The Chinese – When it comes to archery, the old Chinese emperors were really big fans. In ancient Chinese culture and philosophy, archery became one of the Six Noble Arts of the Zhou Dynasty. Thus, only the Chinese emperors can practice archery and the common folk were forbidden from learning how to use a bow. Anyone with enough skill are either drafted into the army or were executed if they disobeyed! Even the great Confucius was also an excellent archer, along with many other great warriors and scholars.
The Chinese also perfected another form of the bow and arrow, which is the crossbow. The Chu-Ko-Noh became an indispensable weapon for hundreds of years both in the East and the West. Travelers coming from Europe would visit or make contact with prominent Chinese generals and they shared the construction plans for the crossbow. The crossbow would later change Medieval warfare, as European countries during the Dark Ages would use and train crossbow-wielding soldiers to fight for them.
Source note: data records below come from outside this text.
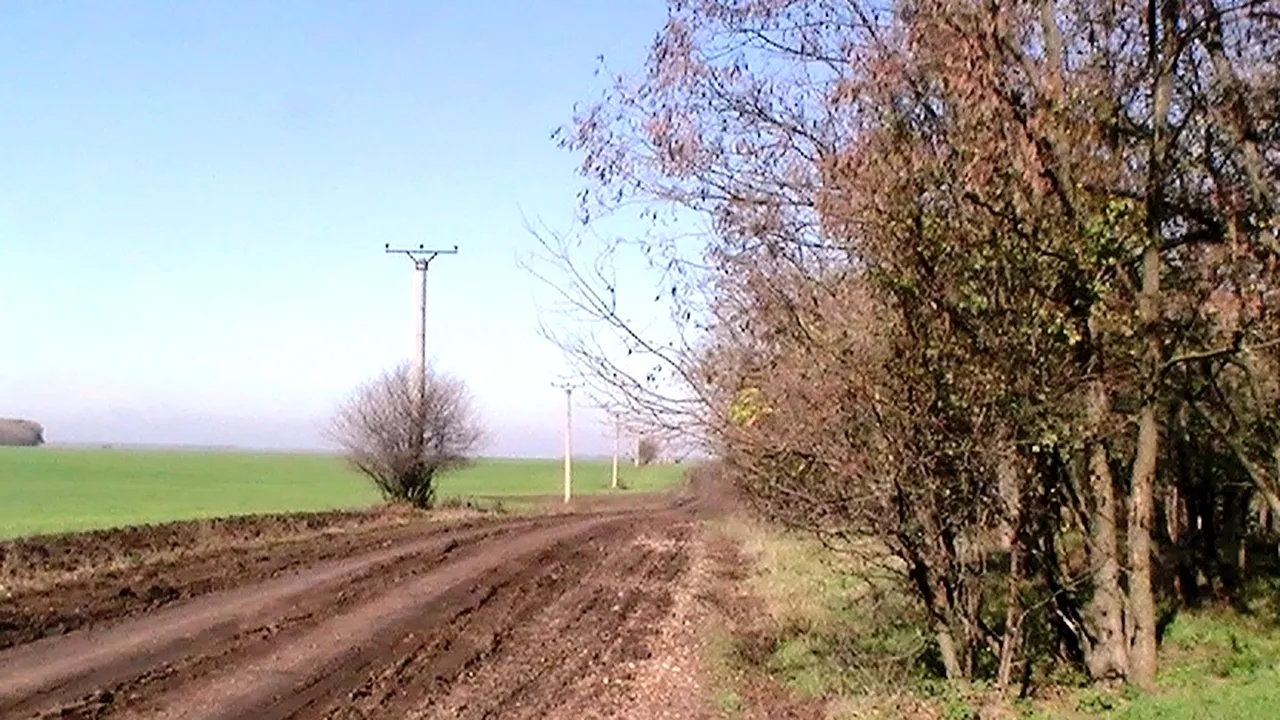 Amendă de 143.000 euro pentru arendașii terenului cumpărat de Ioana Băsescu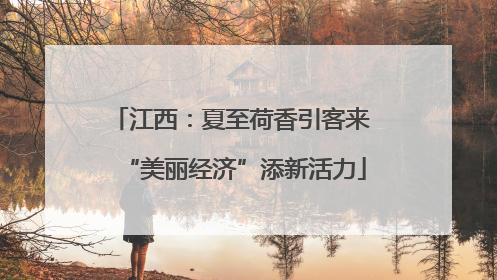 江西：夏至荷香引客来 “美丽经济”添新活力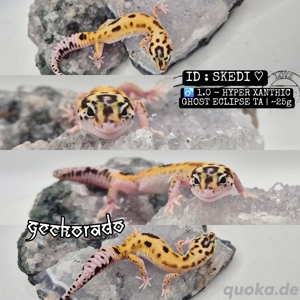 1.0 Leopardgecko Männchen - HX Ghost Eclipse TA 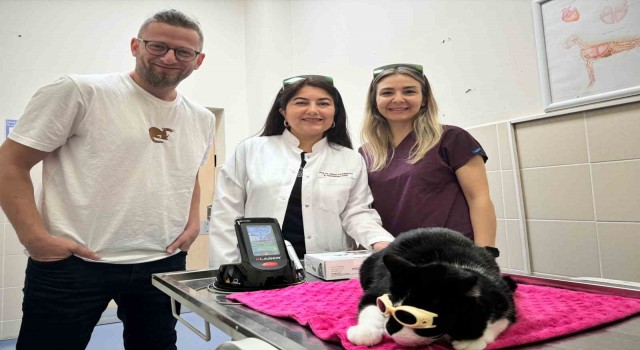 OMÜ Hayvan Hastanesinde düşük doz lazer tedavi hizmeti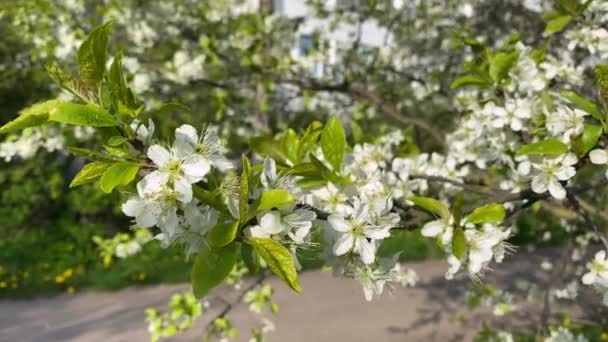 Ramo Con Fiori Bianchi Ondeggianti Nel Vento — Video Stock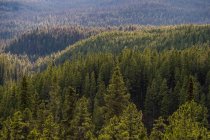 Вечно зеленый лес сверху — стоковое фото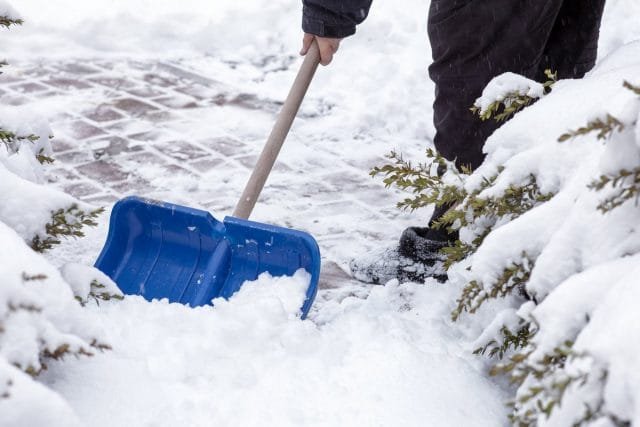 Wat moet je niet vergeten om de tuinman in januari te doen? Lijst met werken. Foto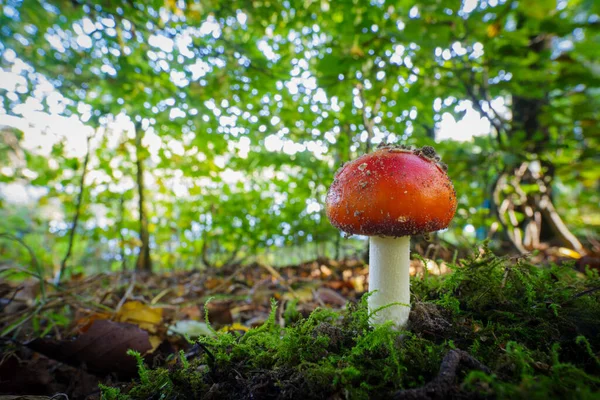 在苔藓床上的一个年轻的天野麝香公主 — 图库照片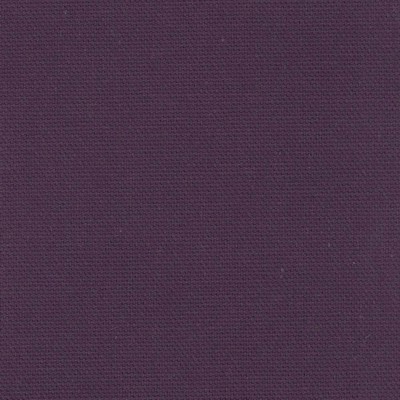 Kasmir CAPRICE GRAPE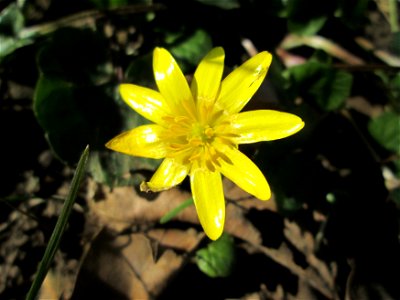 Scharbockskraut (Ficaria verna) in der ehem. Bismarckanlage in Saarbrücken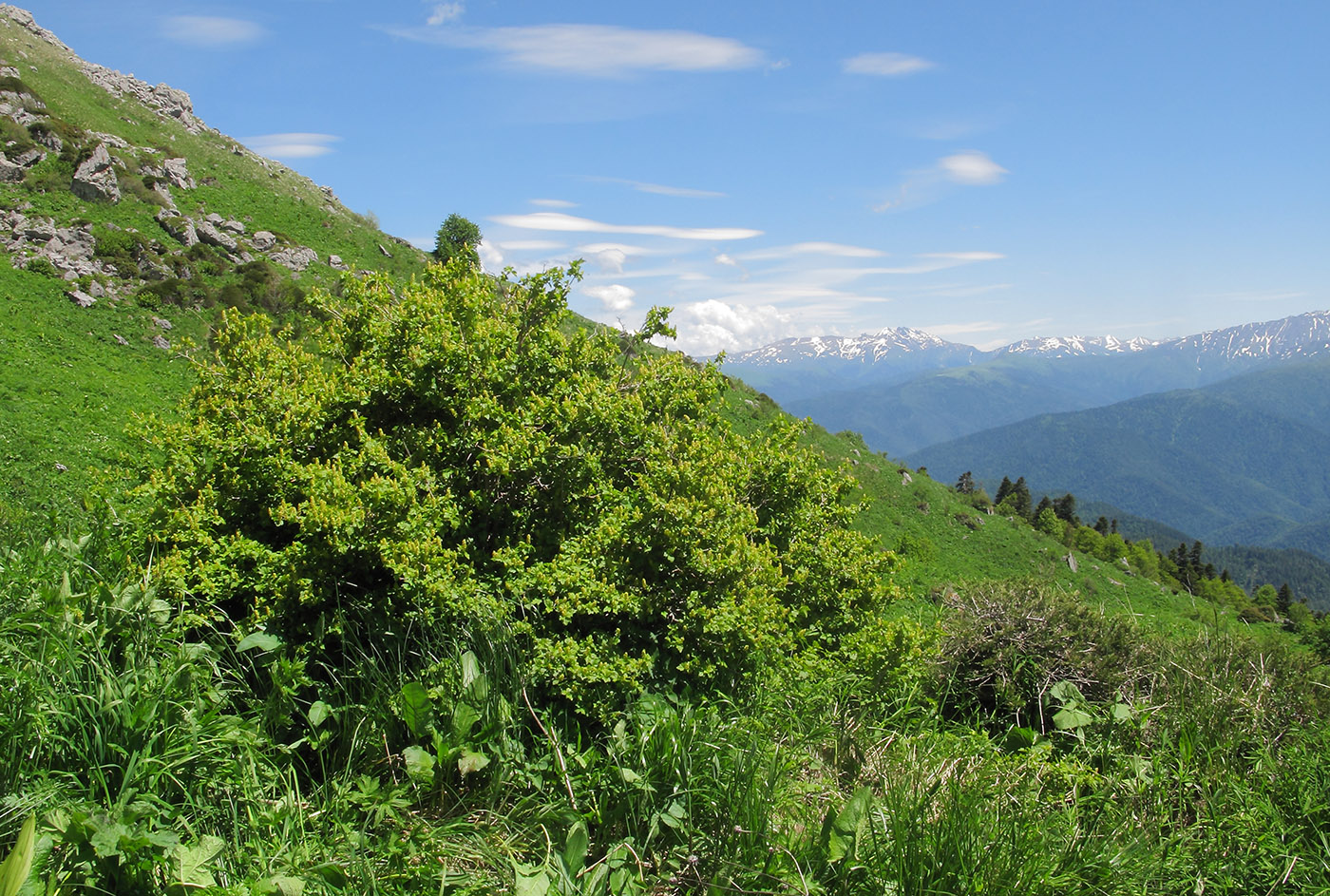 Изображение особи Ribes alpinum.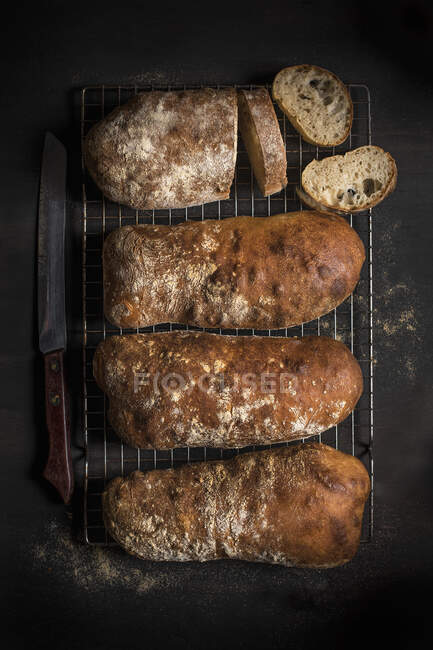 Freshly baked ciabatta bread on cooling rack — Stock Photo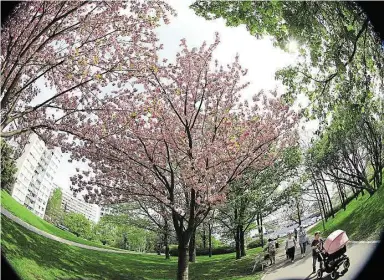  ??  ?? ZELENÁ OÁZA PARK PŘÁTELSTVÍ LÁKÁ DENNĚ K ODPOČINKU STOVKY LIDÍ ZEJMÉNA ZE STŘÍŽKOVA A PROSEKA. VZNIKL JAKO SOUČÁST VÝSTAVBY NOVÉHO PANELOVÉHO SÍDLIŠTĚ V POLOVINĚ SEDMDESÁTÝ­CH LET MINULÉHO STOLETÍ.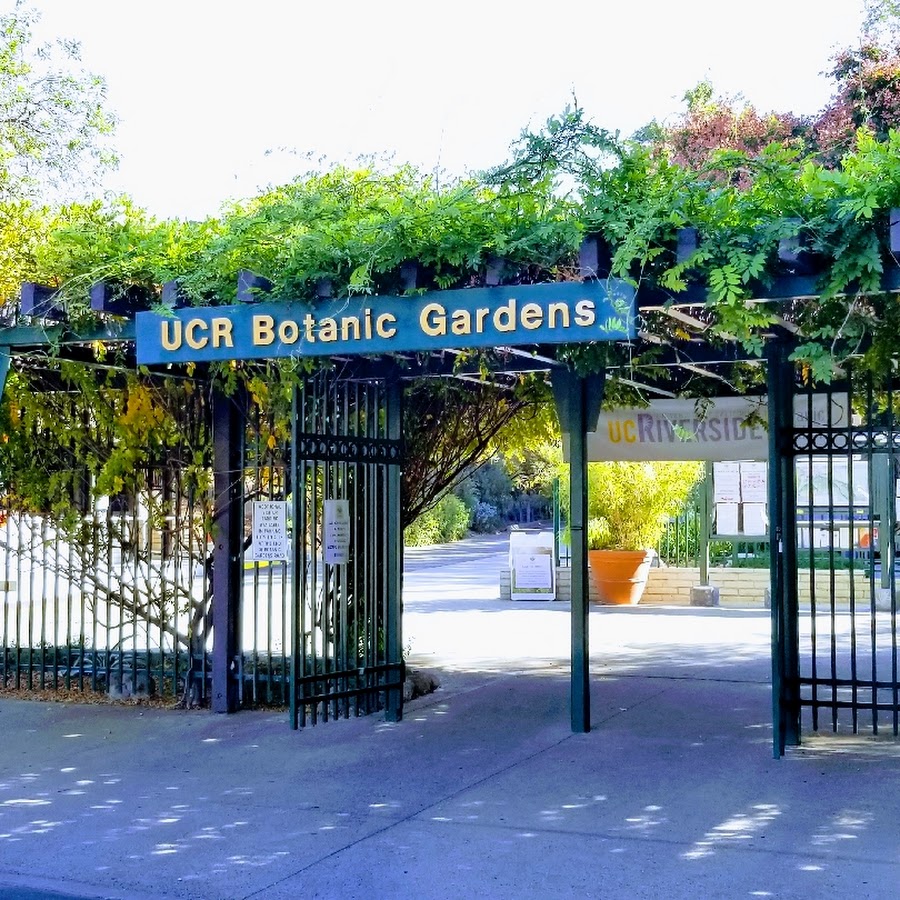 UC Riverside Botanic Gardens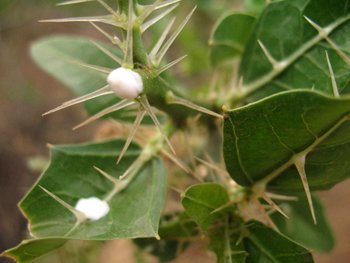 ファベーラ ブラジル・リオデジャネイロのファベーラとは？リオ日本人宿「カイピリーニャ」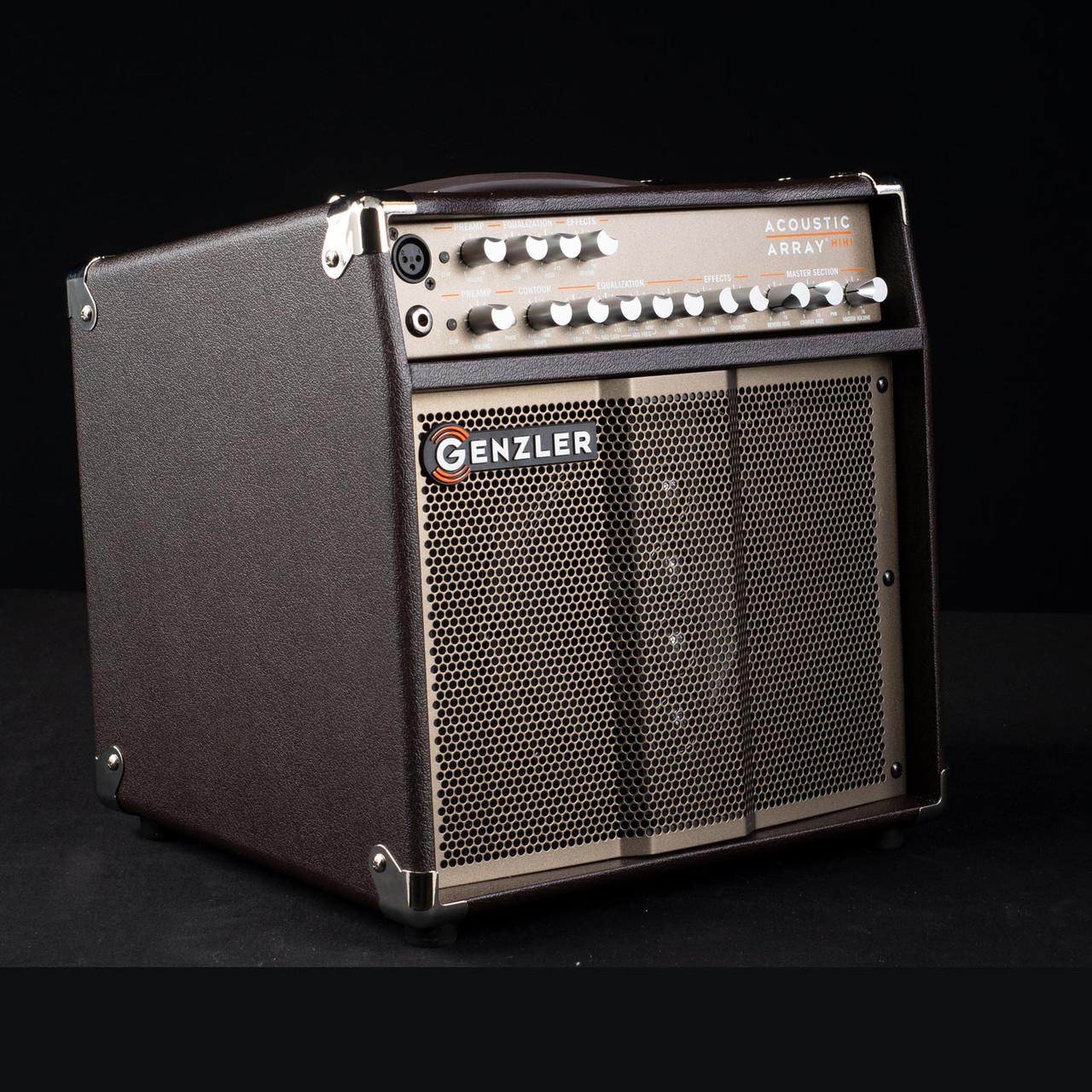 Genzler Amplification Acoustic Array Mini 100w 0010 at Moore Guitars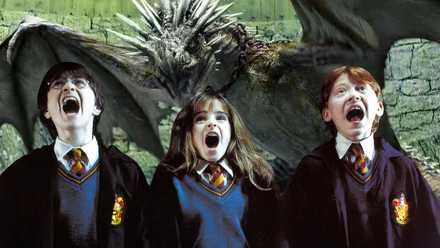 A combined image of Harry, Hermione, and Ron screaming with a Hungarian Horntail dragon in Harry Potter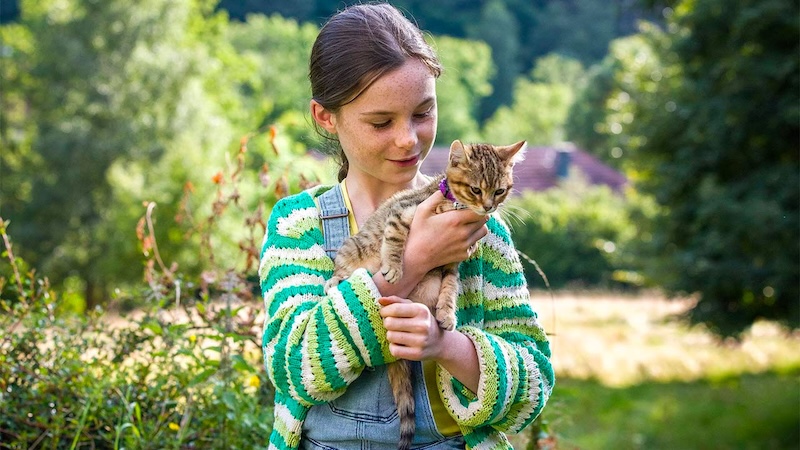 Vita da gatto home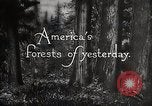 Immagine di Importanza della foresta Los Angeles California USA, 1935, secondo 19 filmato di repertorio 65675025582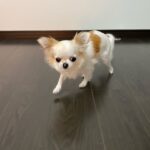 チワワのももちゃん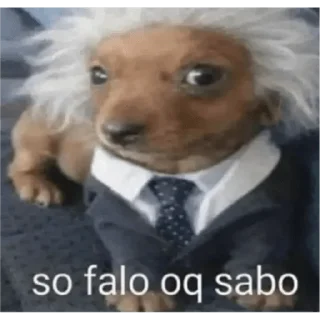 Telegram sticker 😊 oi posso fala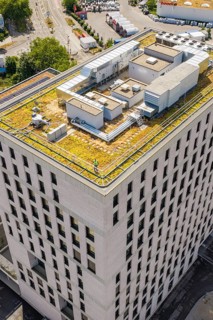 Roof of a modern high-rise building with green infrastructure and urban environment, Boarding House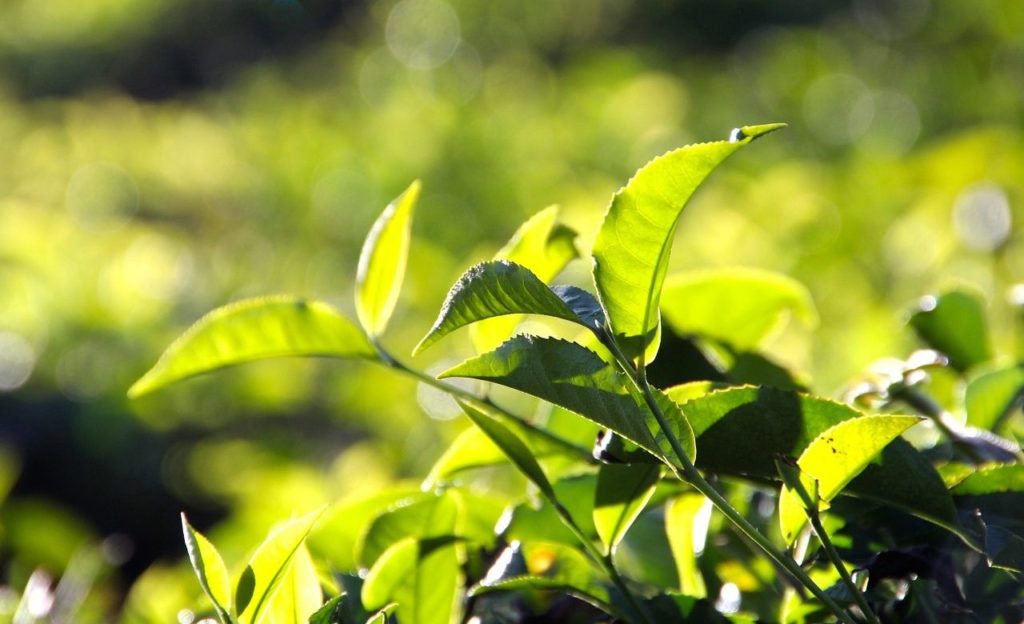 tea, plantation, tea plantation-1028741.jpg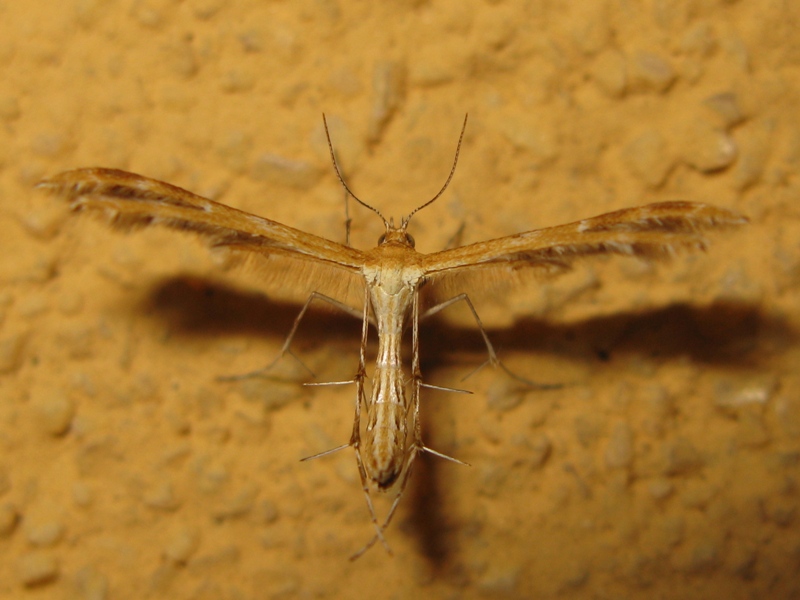 Pterophotidae da identificare?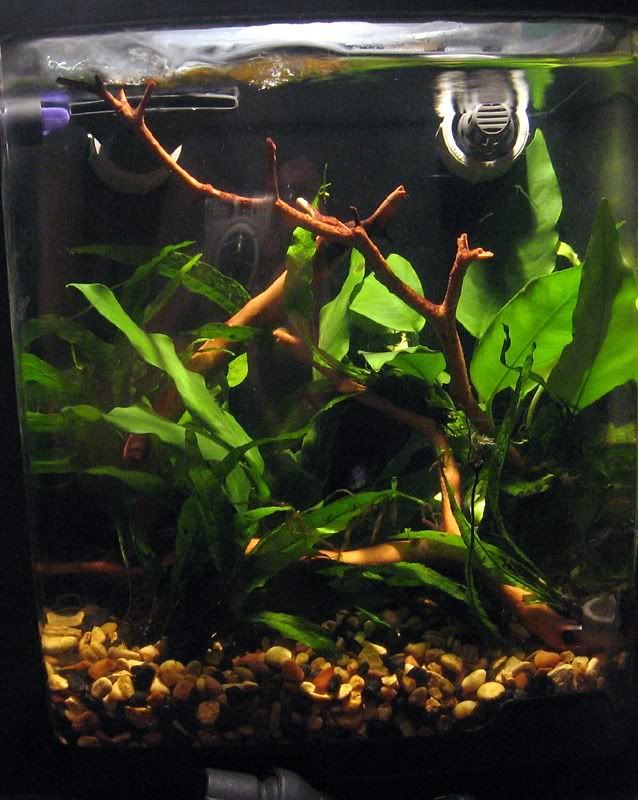 neontank6.jpg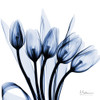 Marvelous Indigo Tulips by Albert Koetsier (24 x 24)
The British – The Battle of Agincourt in 1415 was a clear testament of the raw destructive power of the bow and arrow. The British King, Henry V, would field the English longbow for the first time against thousands of heavy French cavalry in this battle. It was said that the English soldiers were already sick and hungry after marching for days and the only reason why they managed to survive and win against the larger French army is because of the powerful arrows that came from the English longbows.
Even to this day, the principles behind the English longbow are still used by professional archers from all over the world.